[LISTED RECORDS — start]
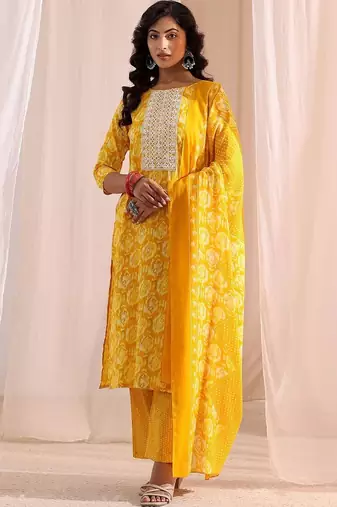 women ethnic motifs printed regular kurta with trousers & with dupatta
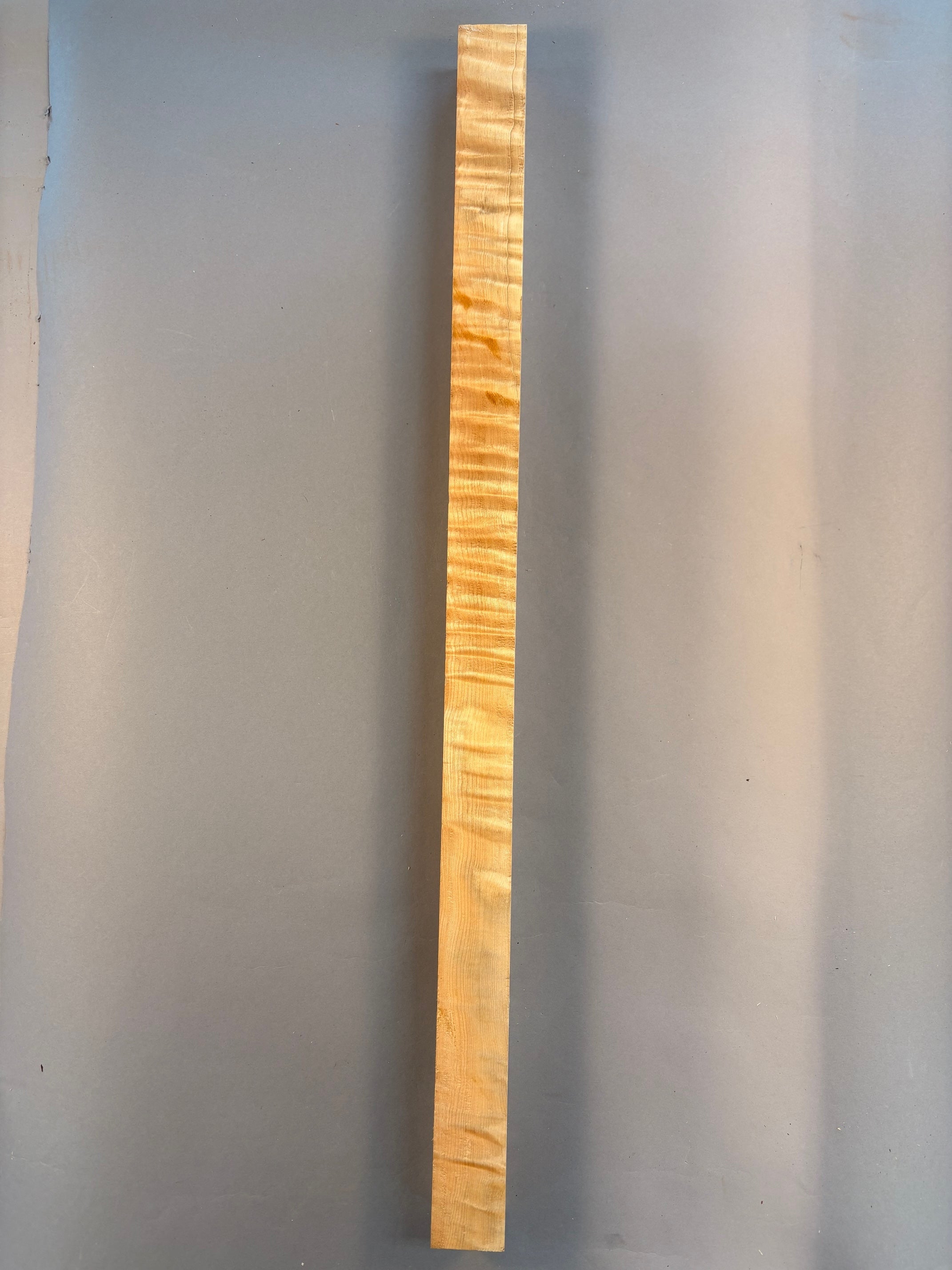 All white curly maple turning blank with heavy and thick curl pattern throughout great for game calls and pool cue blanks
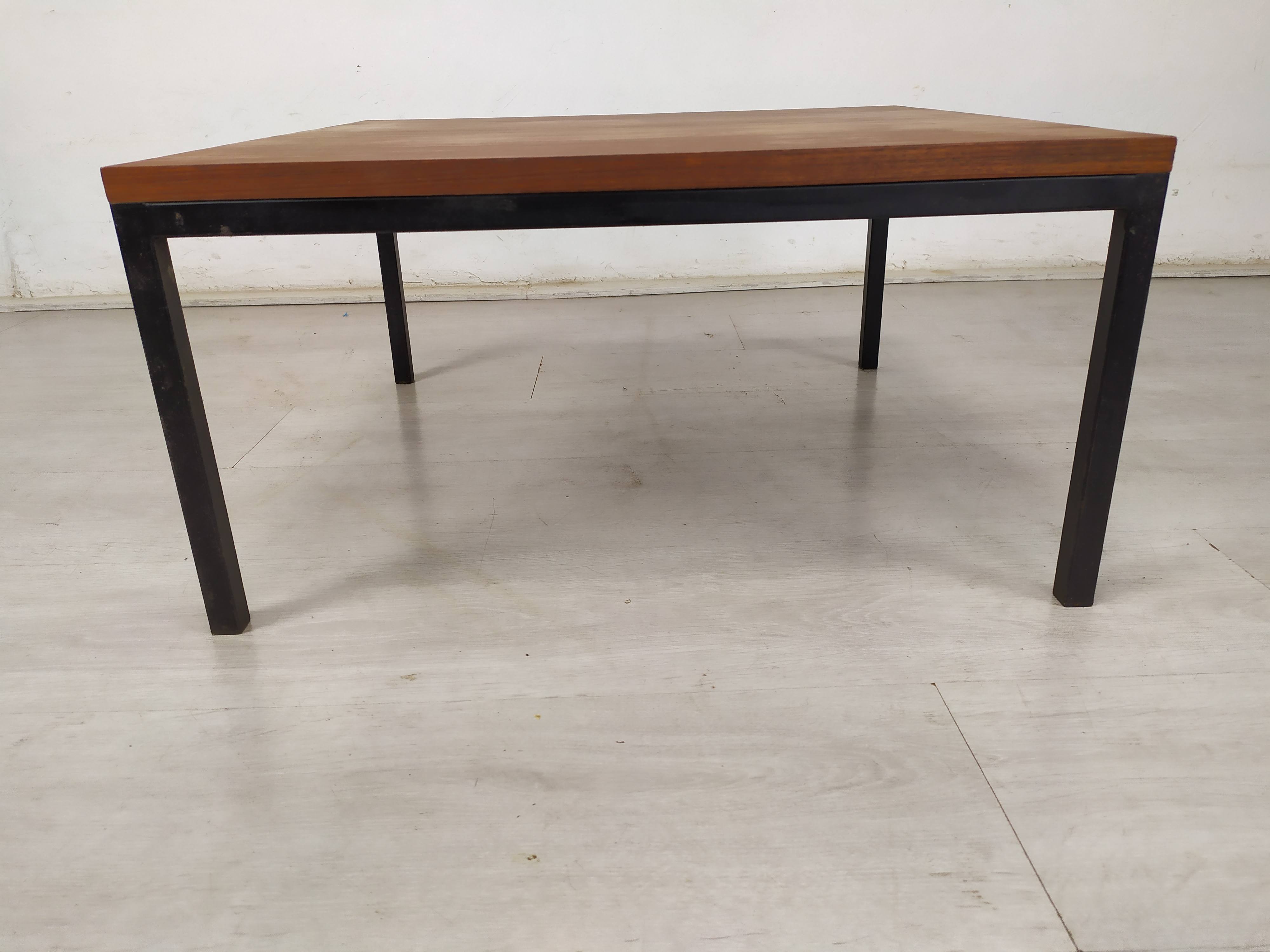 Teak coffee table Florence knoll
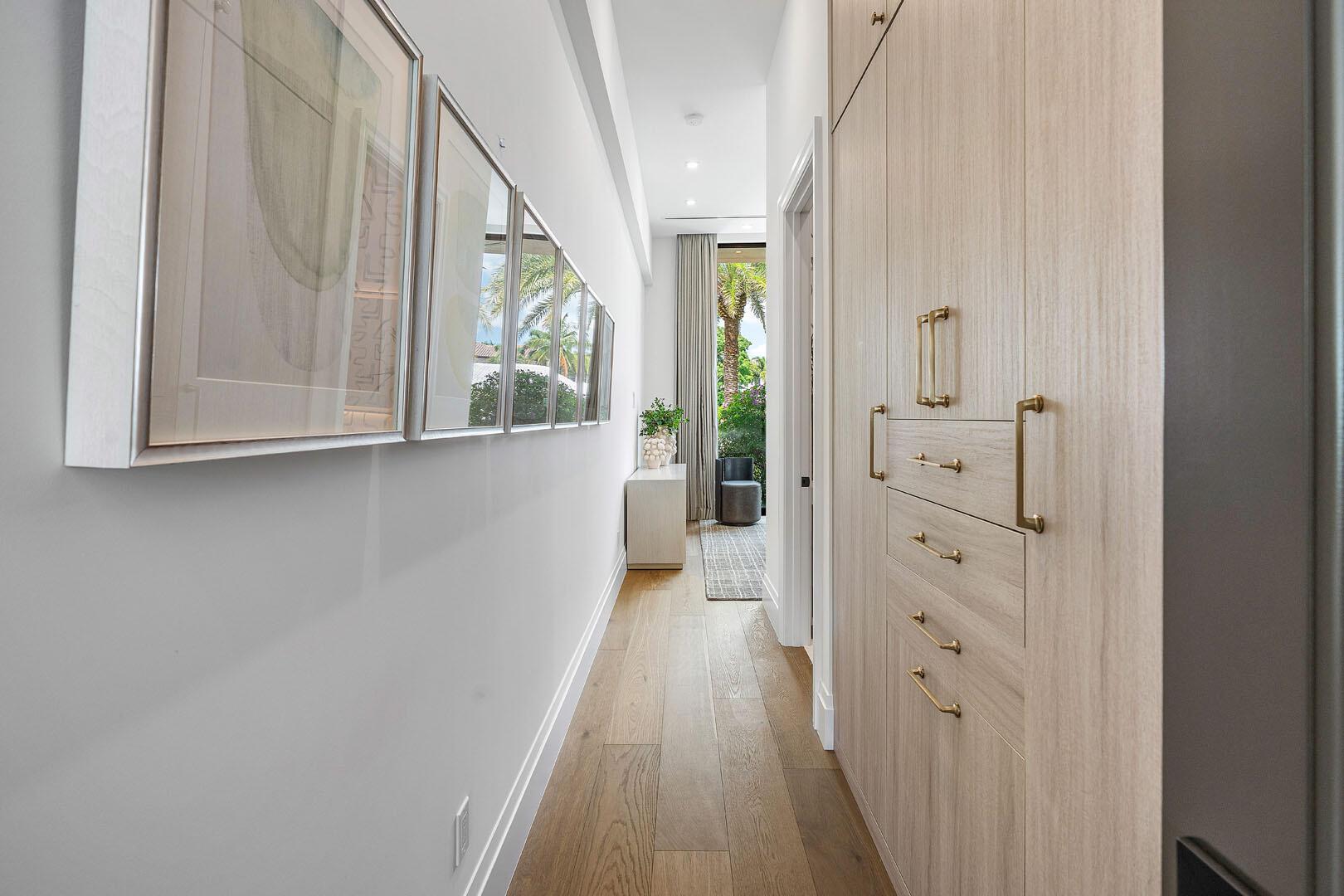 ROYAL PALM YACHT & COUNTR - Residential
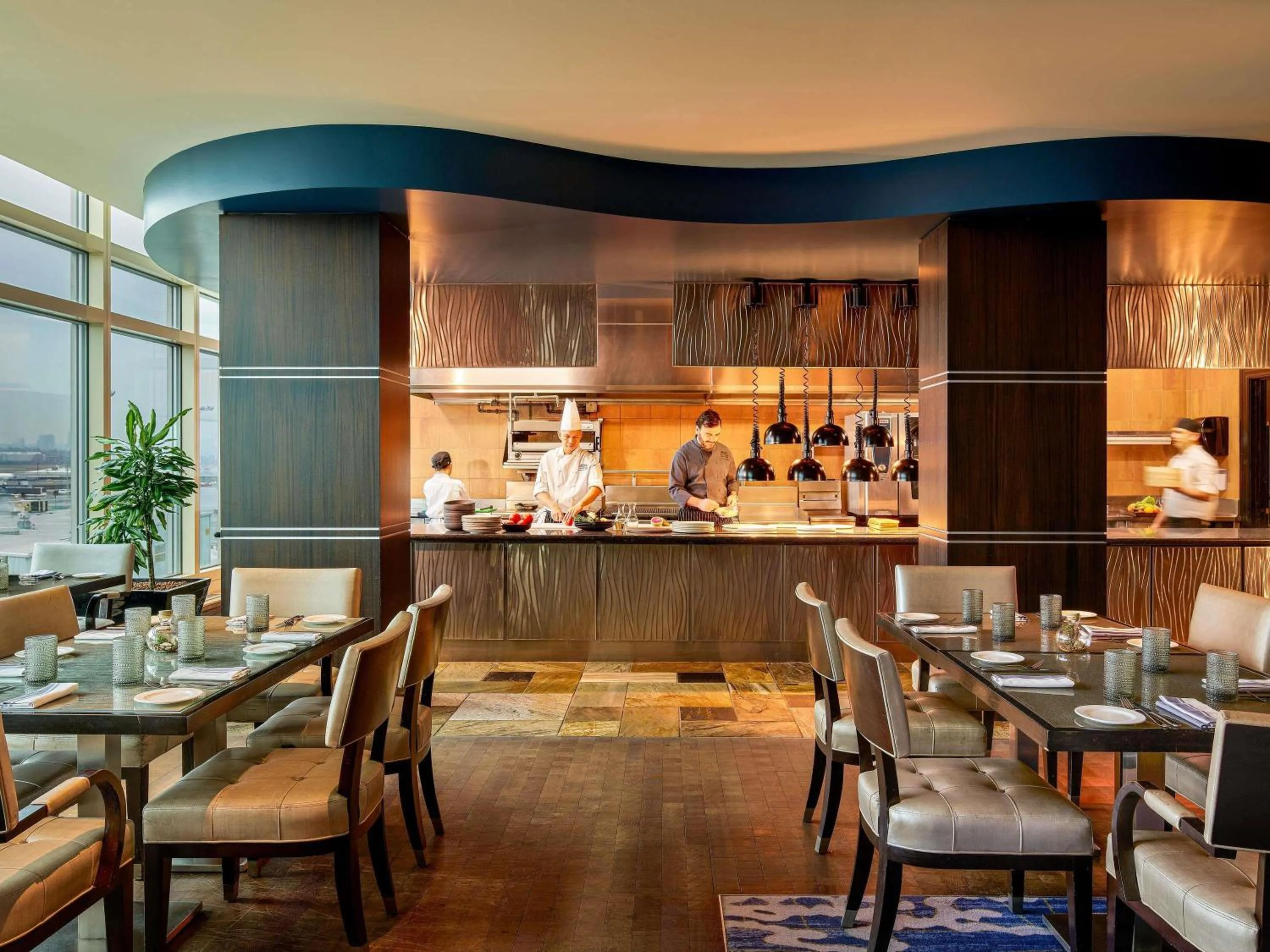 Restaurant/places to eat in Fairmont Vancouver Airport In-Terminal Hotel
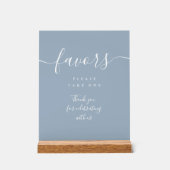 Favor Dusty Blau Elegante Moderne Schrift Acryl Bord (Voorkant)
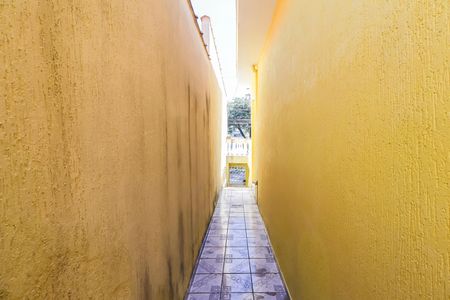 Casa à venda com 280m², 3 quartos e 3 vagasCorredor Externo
[LISTED RECORDS — finish]
EXERCISE GOAL: Word for word, write out each line of the records, but leave the pictures behind.

RESPONSE BOX:
 women ethnic motifs printed regular kurta with trousers & with dupatta
 All white curly maple turning blank with heavy and thick curl pattern throughout great for game calls and pool cue blanks
 Teak coffee table Florence knoll
 ROYAL PALM YACHT & COUNTR - Residential
 Restaurant/places to eat in Fairmont Vancouver Airport In-Terminal Hotel
 Favor Dusty Blau Elegante Moderne Schrift Acryl Bord (Voorkant)
 Casa à venda com 280m², 3 quartos e 3 vagasCorredor Externo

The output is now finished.